CS 201: Robust Reinforcement Learning with Langevin Dynamics, VOLKAN CEVHER, EPFL

Speaker: Volkan Cevher
Affiliation: EPFL

ABSTRACT:

In this talk, I will talk about principled ways of solving a classical reinforcement learning (RL) problem and introduce its robust variant.

In particular, we rethink the exploration-exploitation trade-off in RL as an instance of a distribution sampling problem in infinite dimensions. Using the powerful Stochastic Gradient Langevin Dynamics (SGLD), we propose a new RL algorithm, which results in a sampling variant of the Twin Delayed Deep Deterministic Policy Gradient (TD3) method. Our algorithm consistently outperforms existing exploration strategies for TD3 based on heuristic noise injection strategies in several MuJoCo environments.

The sampling perspective enables us to introduce an action-robust variant of RL objective, which is as a particular case of a zero-sum two-player Markov game. In this setting, at each step of the game, both players simultaneously choose an action. The reward each player gets after one step depends on the state and the convex combination of the actions of both players.

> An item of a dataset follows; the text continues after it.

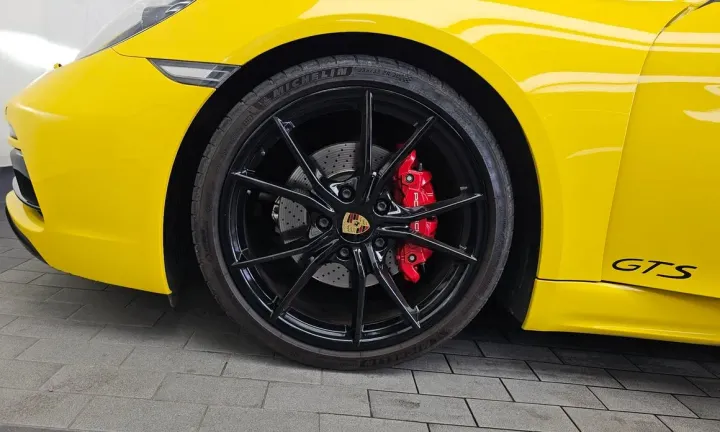 Porsche 718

Based on our earlier work (SGLD for min-max/GAN problem), we propose a new robust RL algorithm with convergence guarantee and provide numerical evidence of the new algorithm. Finally, I will also discuss future directions on the application of the framework to self-play in games.

BIO:

Volkan Cevher received the B.Sc. (valedictorian) in electrical engineering from Bilkent University in Ankara, Turkey, in 1999 and the Ph.D. in electrical and computer engineering from the Georgia Institute of Technology in Atlanta, GA in 2005. He was a Research Scientist with the University of Maryland, College Park from 2006-2007 and also with Rice University in Houston, TX, from 2008-2009. Currently, he is an Associate Professor at the Swiss Federal Institute of Technology Lausanne and a Faculty Fellow in the Electrical and Computer Engineering Department at Rice University. His research interests include signal processing theory, machine learning, convex optimization, and information theory. Dr. Cevher is an ELLIS fellow and was the recipient of the Google Faculty Research Award on Machine Learning in 2018, IEEE Signal Processing Society Best Paper Award in 2016, a Best Paper Award at CAMSAP in 2015, a Best Paper Award at SPARS in 2009, and an ERC CG in 2016 as well as an ERC StG in 2011.

Hosted by Professor Quanquan Gu

Date/Time:
Date(s) - Feb 04, 2020
4:15 pm - 5:45 pm

Location:
3400 Boelter Hall
420 Westwood Plaza Los Angeles California 90095